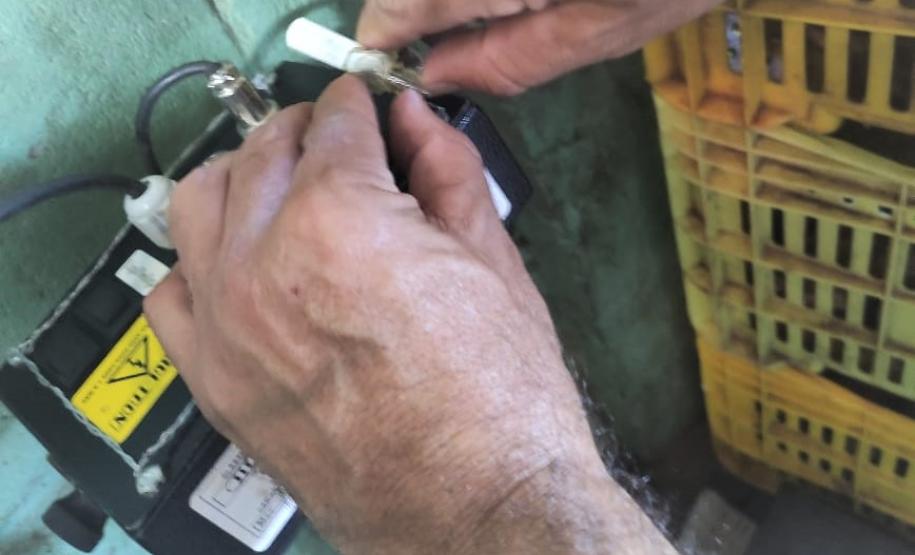 Equipe da REMAR verifica balanças do Ceasa de Maringá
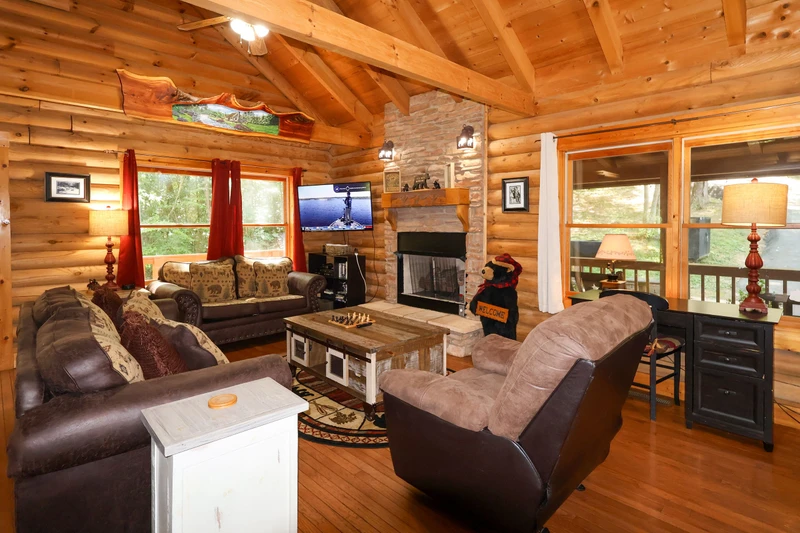 8 BEARS LODGE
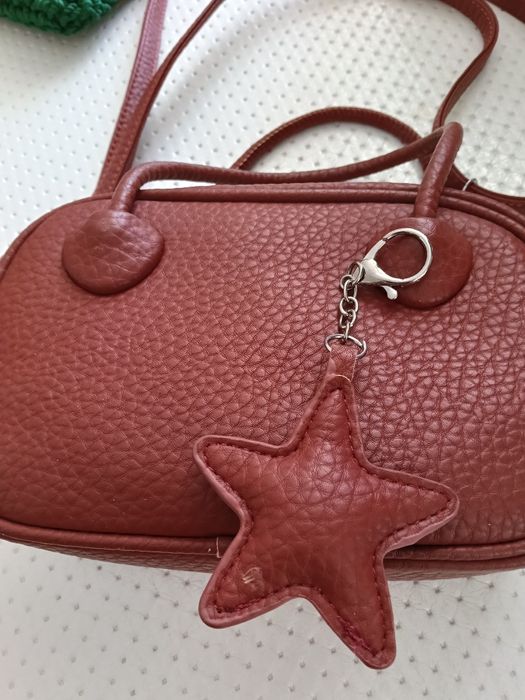 Продам 2 дамские сумочки, новые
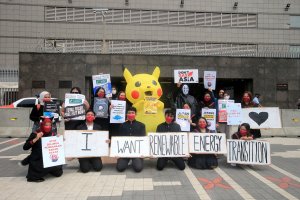 Aktivis berunjuk rasa di depan Kedubes Jepang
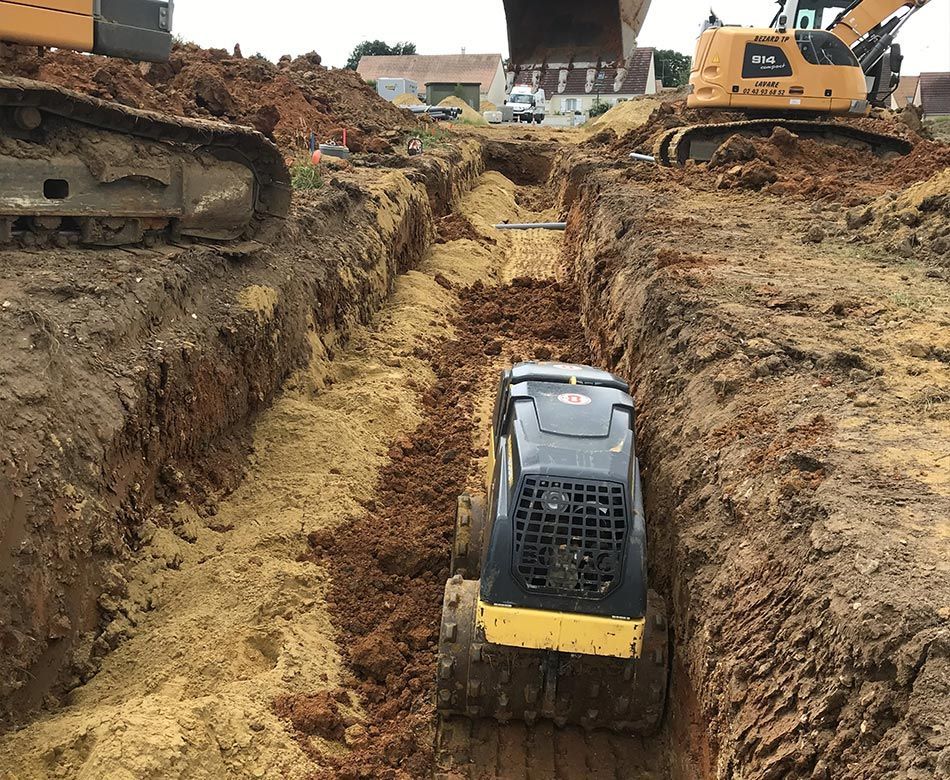 Réalisation d'une tranchée pour la mise en œuvre d'un réseau d'assainissement collectif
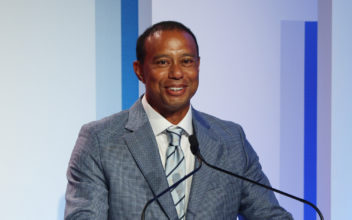 Tiger Woods Commits to Ireland Pro-Am Event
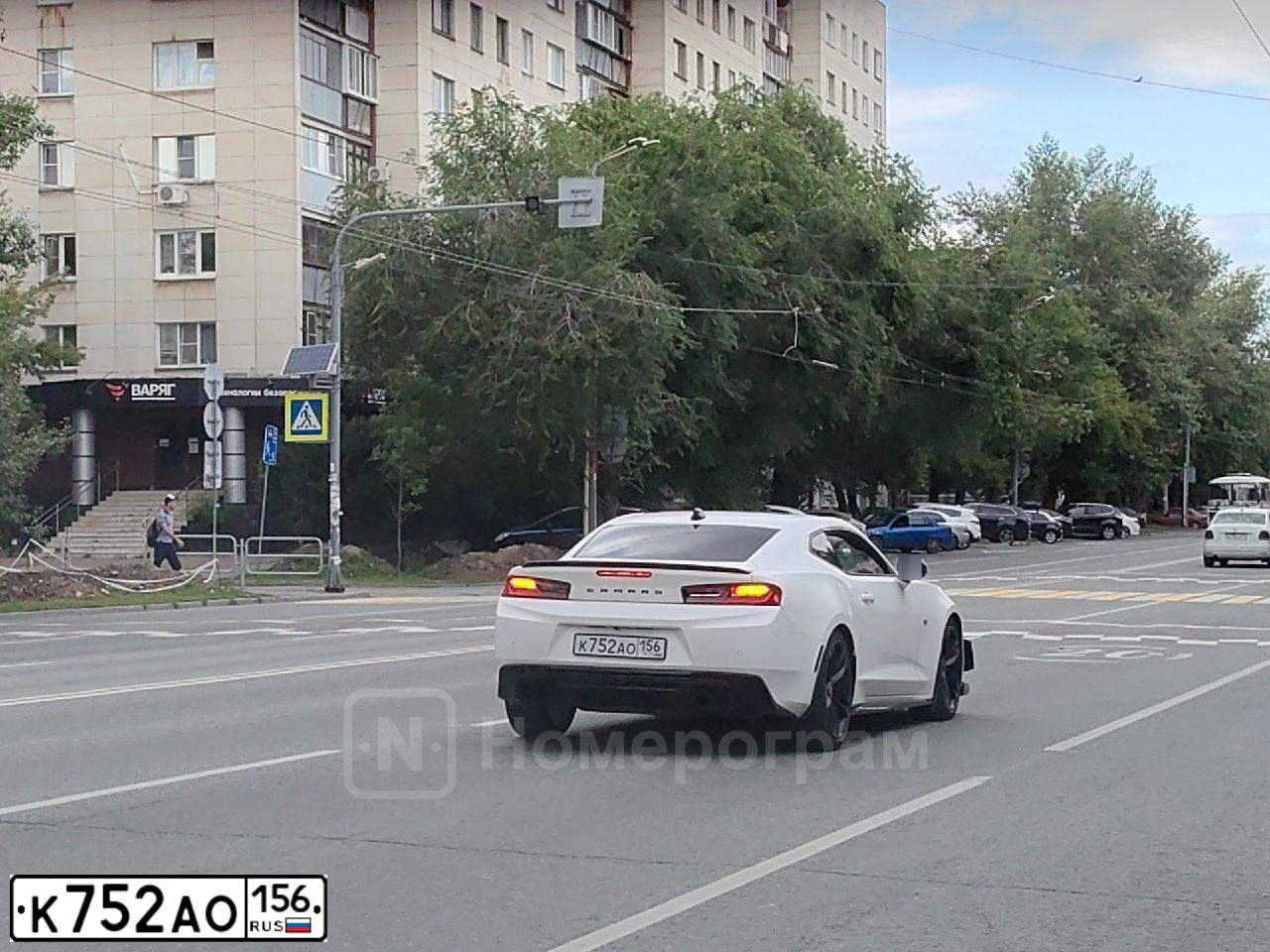 Фото автомобиля CHEVROLET CAMARO, 2016 — госномер К752АО156. Цвет: Белый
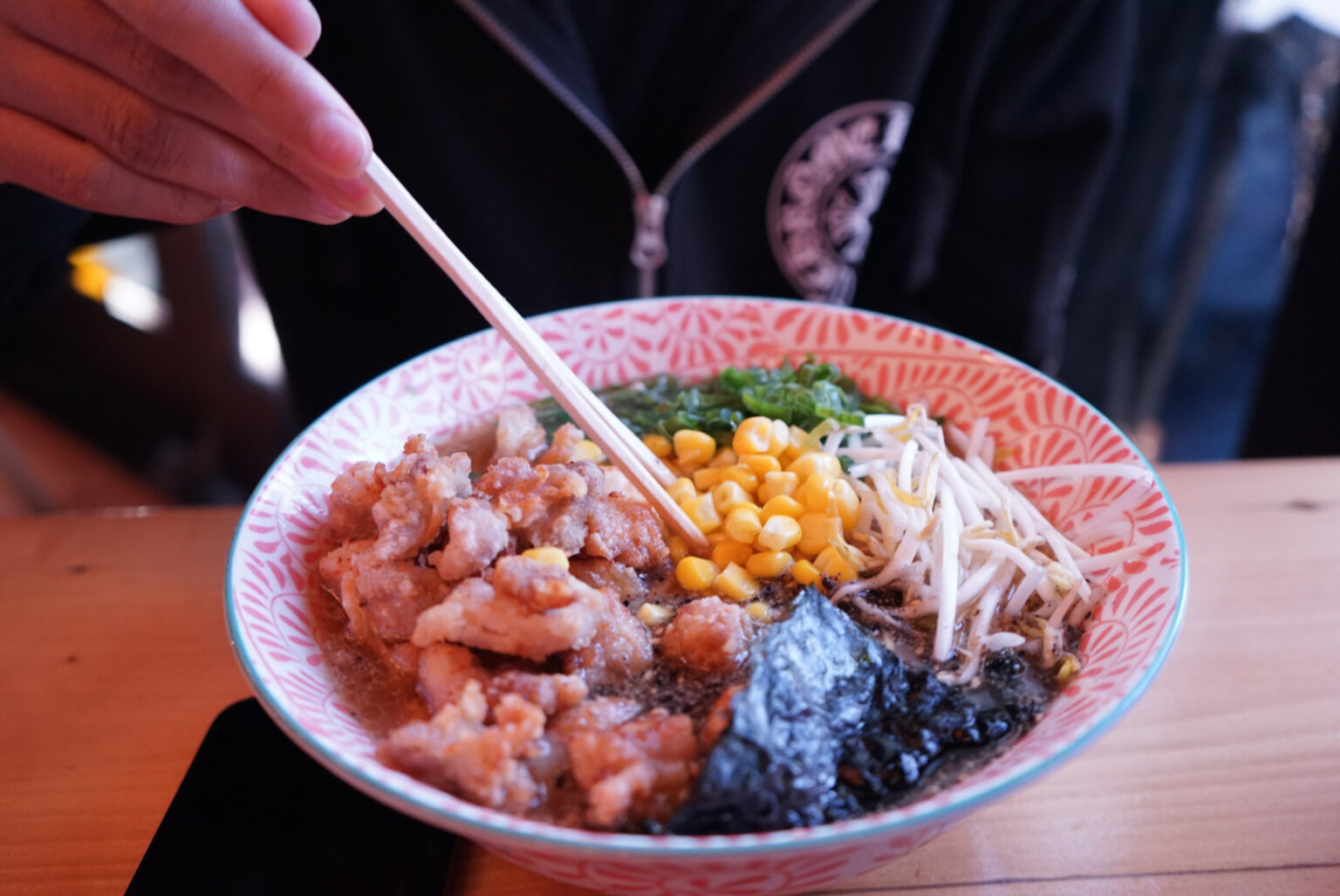 Plato de ramen fotografiado para contenido gastronómico en Valparaíso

# # # # # # #

After locating the line that contains "Réalisation d'une tranchée", output it and all later lines through the end of the material exactly, leaving out pictures.

 Réalisation d'une tranchée pour la mise en œuvre d'un réseau d'assainissement collectif
 Tiger Woods Commits to Ireland Pro-Am Event
 Фото автомобиля CHEVROLET CAMARO, 2016 — госномер К752АО156. Цвет: Белый
 Plato de ramen fotografiado para contenido gastronómico en Valparaíso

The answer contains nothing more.